Intro to Pandas

Pandas data structure

Pandas consists of two main types of data structures. Let’s make an analogy with Excel.

  1. Series: A 1D labeled array. Think of a 2-columns Excel spreadsheet where the left column would contain a label (e.g., the time of a measurement) and the right column would contain a value (e.g., the actual value measured at the time specified in the label, let’s say the temperature of a river).
  2. DataFrame: A 2D labeled table. This is the same as an Excel spreadsheet that would contain more columns than a Series. You can think of having measurements of different variables contained in each column (e.g., the flow rate, the turbidity etc…).

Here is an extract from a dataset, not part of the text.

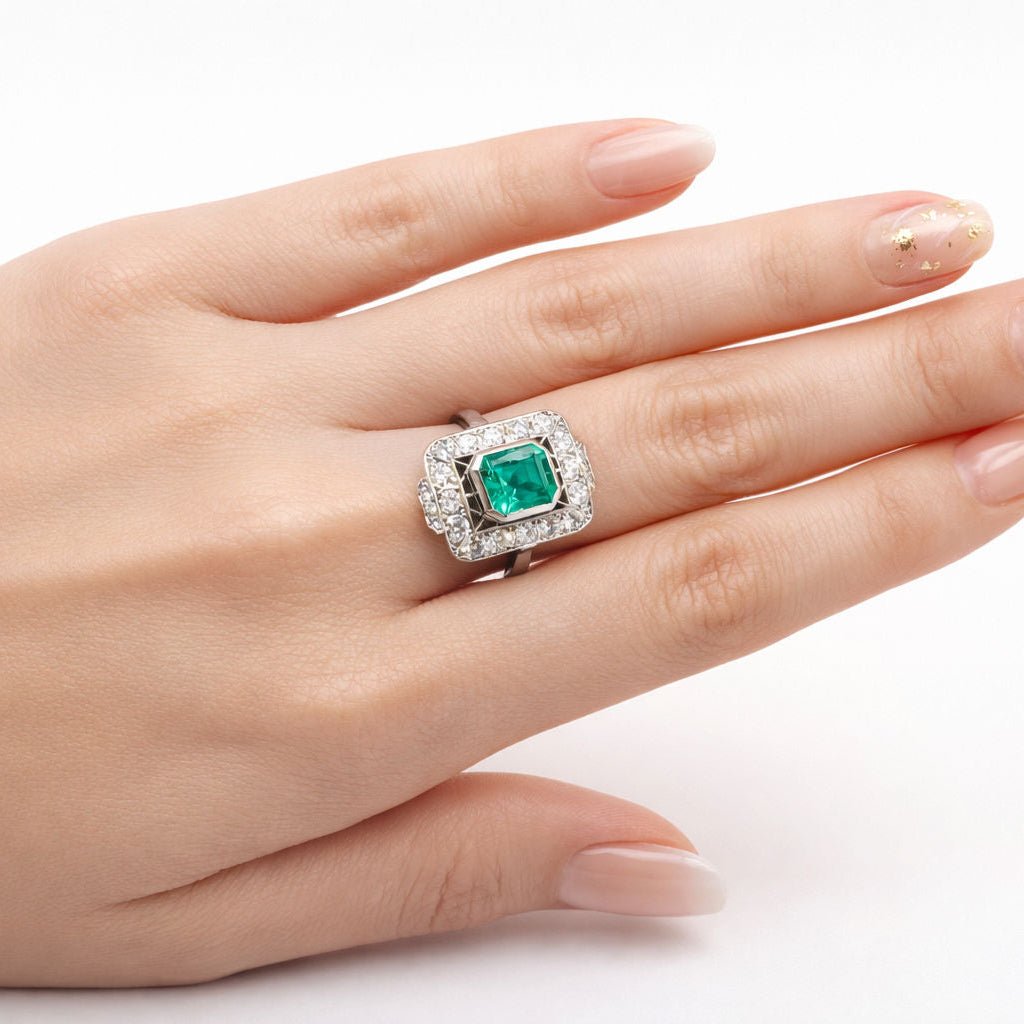 Bague Entourage en platine, émeraude, et diamants - Castafiore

The keyword here is labelled. In Excel, you might get a column using letters and rows using numbers. In Pandas, you can use the column name (e.g., water_temperature) or the row label (e.g., 2021-06-15 14:19:14).

DataFrame

Throughout this class we will focus on the use of DataFrames, not Series. Keep in mind that the behaviour between both is almost identical.

Anatomy of a DataFrame

Figure 1 shows the basic anatomy of a DataFrame that contains four rows and four columns). We already see some data structuring emerging:

  • Rows tend to represent entries, which can be:
    • Different measurements at specific time steps
    • Different samples collected at different place/times
    • etc.
  • In contrast, column represent attributes and store the properties of each entry:
    • The actual values of different measured parameters
    • The location and time of collected samples, along with associated analyses (e.g., geochemistry)
    • etc.
Figure 1: Basic anatomy of a Pandas DataFrame.

The first row - i.e. the row containing the column labels - is not considered as an entry. This is because the top row of a dataframe is usually used as the label for the columns. Similarly, we might want to set the first column as a label for the rows (Figure 2). In a nutshell:

  • Index refers to the label of the rows. In the index, values are usually unique - meaning that each entry has a different label.
  • Column refers to the label of - logically - the columns
Figure 2: Index and columns of a DataFrame.
Caution 1: Indexing in Python

Remember that in Python, indexing starts from 0 - so the first row or column has an index of 0.